* **EXERCISE**:
Go to the line that contains "名侦探柯南韩漫全集-第932话无删减无遮挡章节图片" in the listing below, then output it and every line after it exactly, omitting pictures.

* **SUPPLIED INFORMATION**:
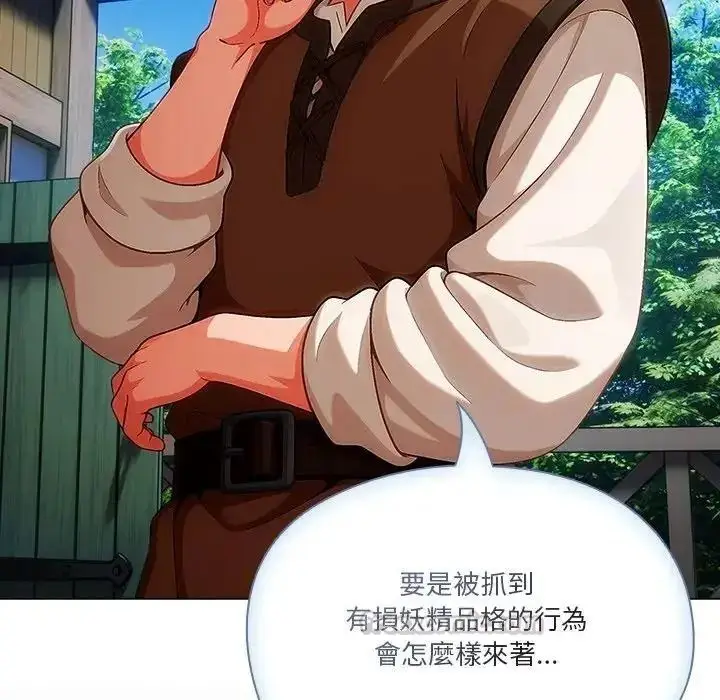 漫画《佣兵团长的秘密》第1话第120张图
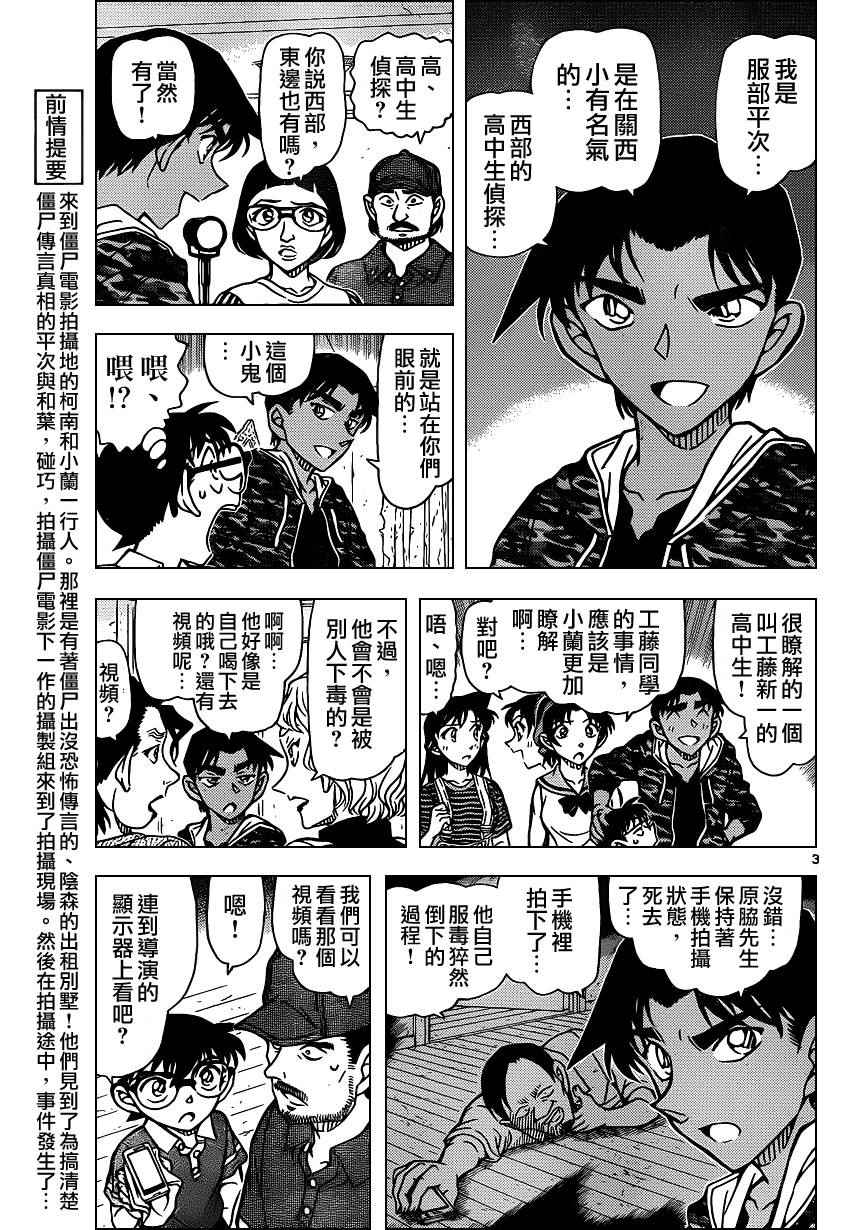 名侦探柯南韩漫全集-第932话无删减无遮挡章节图片 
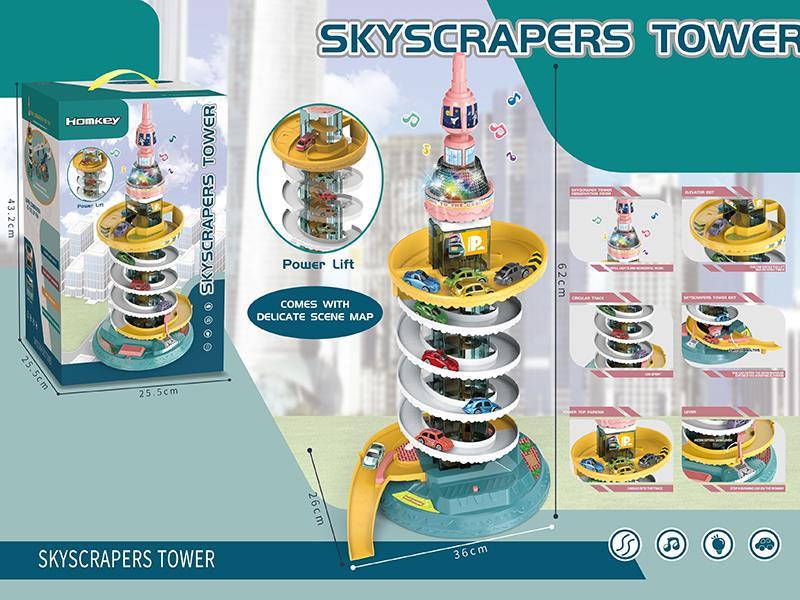 Skyscrapers Tower  Rail Car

* **SOLVED EXERCISE**:
 名侦探柯南韩漫全集-第932话无删减无遮挡章节图片 
 Skyscrapers Tower  Rail Car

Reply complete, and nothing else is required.